L.V.D.C. : Votre ouvrage peut notamment être utilisé par les enseignants de latin du secondaire français : avec quels niveaux De cena servorum peut-il être utilisé, et dans quels objets d’étude s’insère-t-il ?

M. R. : De cena servorum s'adresse à la fois aux élèves de cinquième et de quatrième. Avec des élèves de cinquième, il permettra d'aborder l'habitat à Rome avec la découverte de la domus impressionnante de Trimalcion, mais aussi la vie quotidienne avec l'alimentation ou encore la question de l'éducation car certains esclaves, dans l'Antiquité, étaient instruits. En quatrième, on s'intéressera davantage au thème des maîtres et des esclaves, ainsi qu'à celui du théâtre et des loisirs. 

 

L.V.D.C. : Quels sont les prérequis grammaticaux et lexicaux à maîtriser pour se lancer dans la lecture ?

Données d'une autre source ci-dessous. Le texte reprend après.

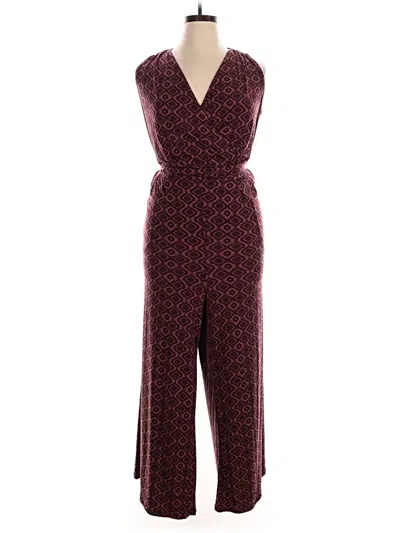 Pre-owned Torrid Jumpsuit In Burgundy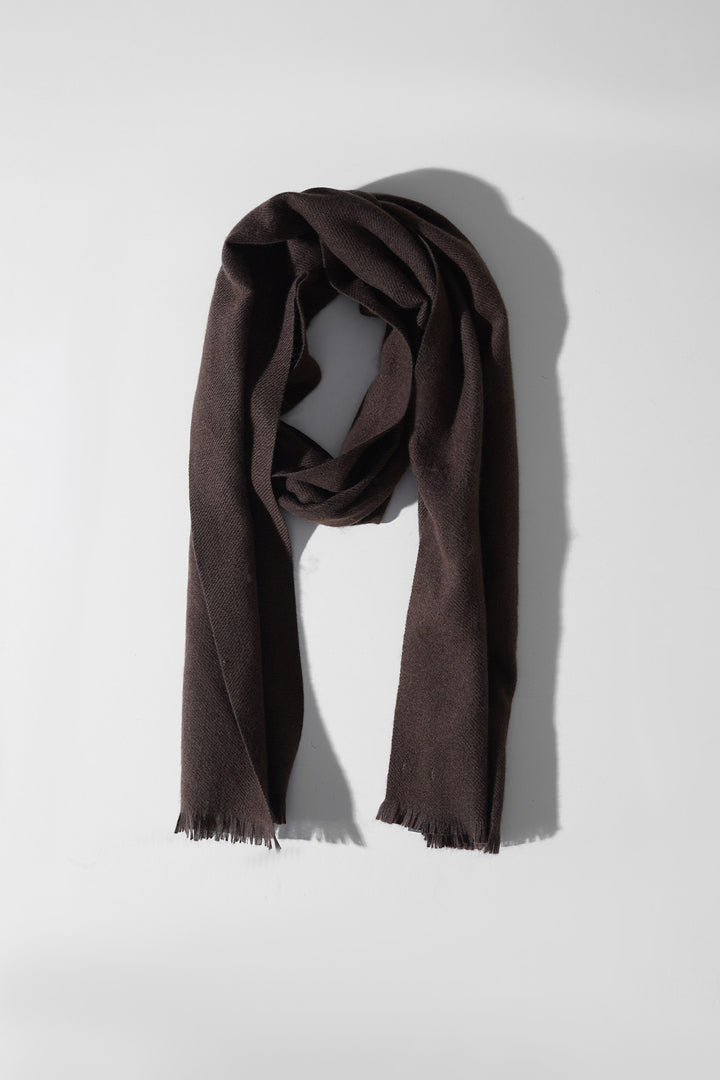 COFFEE SOFT BRUSHED SCARF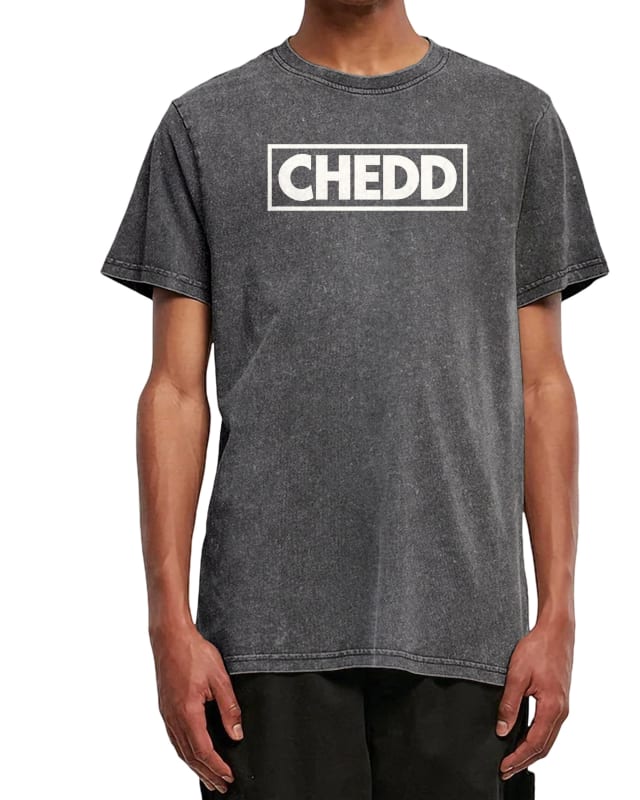 iCHEDD SIGNATURE Acid Wash Tee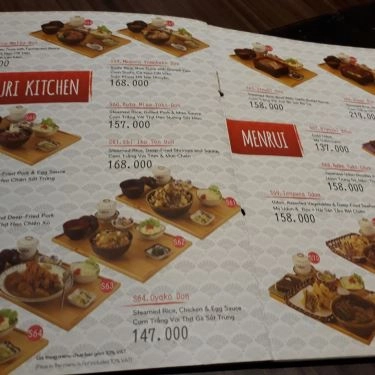Thực đơn- Quán Ăn Sushibar - Nhà Hàng Nhật Bản - Trung Hòa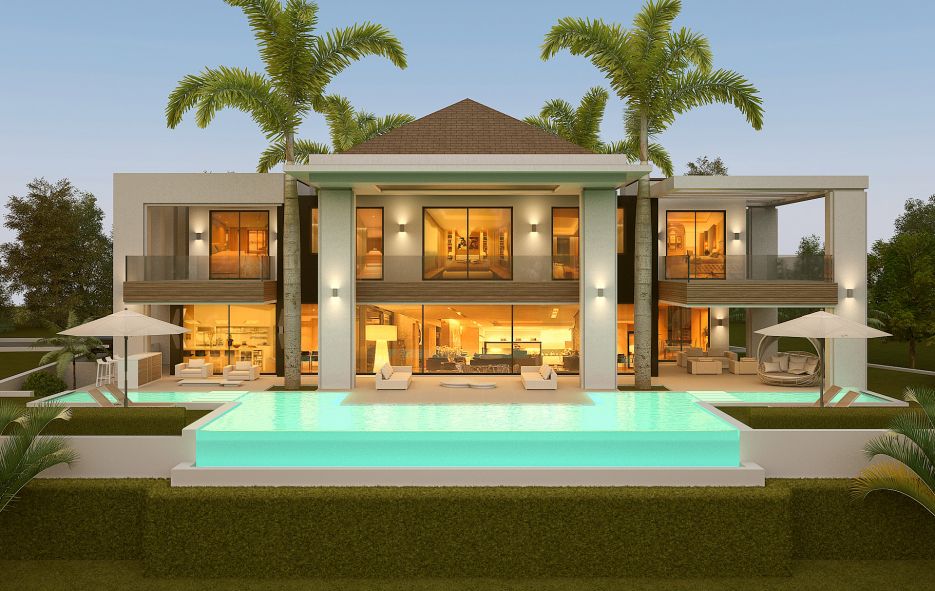 New villa with panoramic views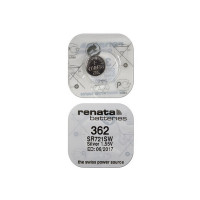 Батарейка RENATA SR721SW  362 (0%Hg) Использовать до 03/2021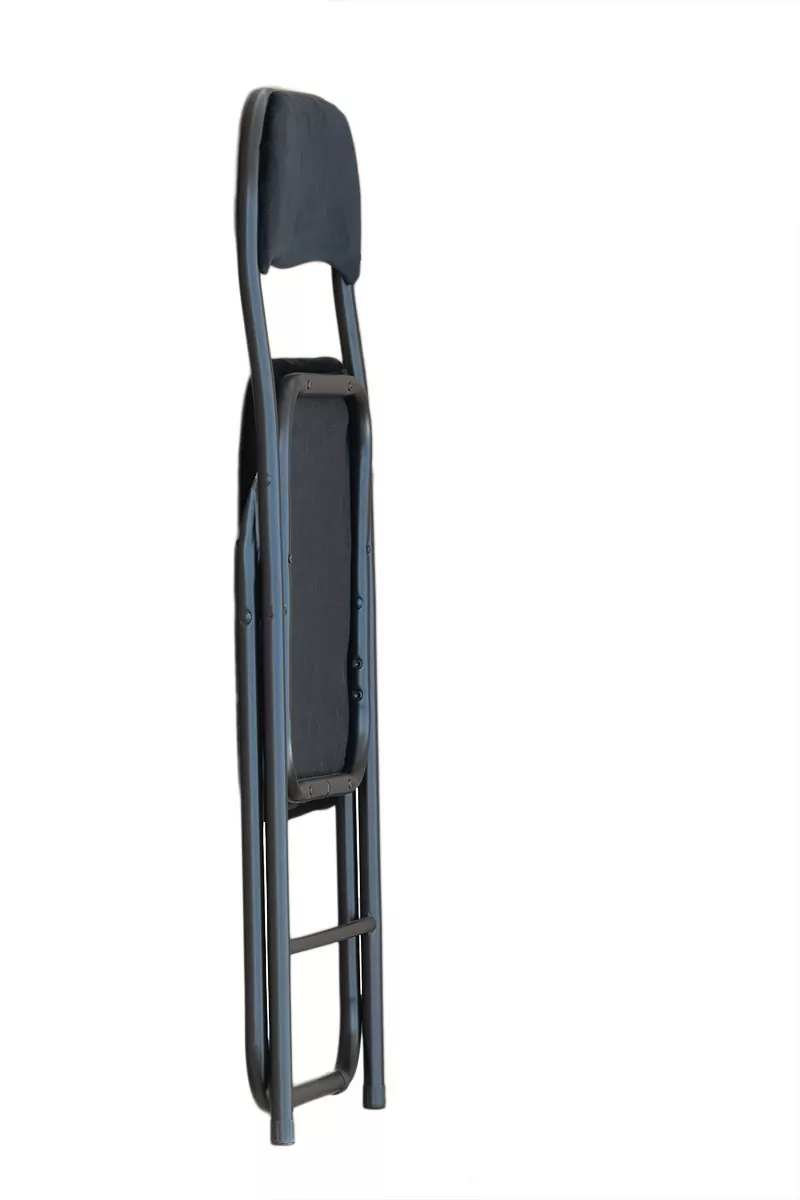 Krzesło składane biurowe ogrodowe welurowe czarne | krzeslaonline.pl | Krzesło składane biurowe ogrodowe welurowe czarne | krzeslaonline.pl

M. R. : C'est un livre de niveau débutant, il est donc conçu pour que même les lecteurs les plus novices en latin puissent l'utiliser, ou encore les anciens latinistes qui n'ont plus que de lointains souvenirs. Les esclaves s'expriment par des phrases plutôt courtes, avec un vocabulaire simple mais imagé. Le texte est en grande partie au présent de l'indicatif, dont les terminaisons ressemblent à celles du français, ce qui permet de ne pas être perdu en matière de conjugaison.

 

L.V.D.C. : Et comment l’utiliser dans le supérieur, en classes préparatoires ou à l’université ?

M. R. : Les enrichissements thématiques permettent de construire une base solide sur la condition servile et la vie quotidienne à Rome. Cela offre un bon moyen d'accéder au sens d'autres textes qui traiteraient de ces sujets. En ce qui concerne la langue, celle de Pétrone dont je me suis inspirée est très vive et riche en métaphores et autres expressions parfois familières. C'est une des difficultés que j'ai rencontrées lorsque j'étais en classe préparatoire : comment rendre correctement en français les expressions latines, sans perdre le sel qui fait la langue d'un Pétrone ou d'un Plaute ? J'espère que ce volume offrira quelques clés pour traduire, par Pollux !

 

L.V.D.C. : Pour finir sur une note de fantaisie : êtes-vous plutôt Cour ou Cuisine ? 

M. R. : Sans hésiter cuisine ! Quand je n’écris pas, j’aime passer du temps aux fourneaux pour cuisiner et essayer de nouvelles recettes, qu’elles soient salées ou sucrées. Pour les premières, j’ai une préférence pour tout ce qui contient du fromage, si possible fondu, et pour les secondes, le chocolat, noir ou au lait, est mon ingrédient de prédilection. L’écriture de De cena servorum a d’ailleurs nécessité plusieurs litres de thé et bon nombre de petits biscuits et chocolats en tous genres. Je vous recommande d’avoir de quoi grignoter lorsque vous vous lancerez dans la lecture de ce volume.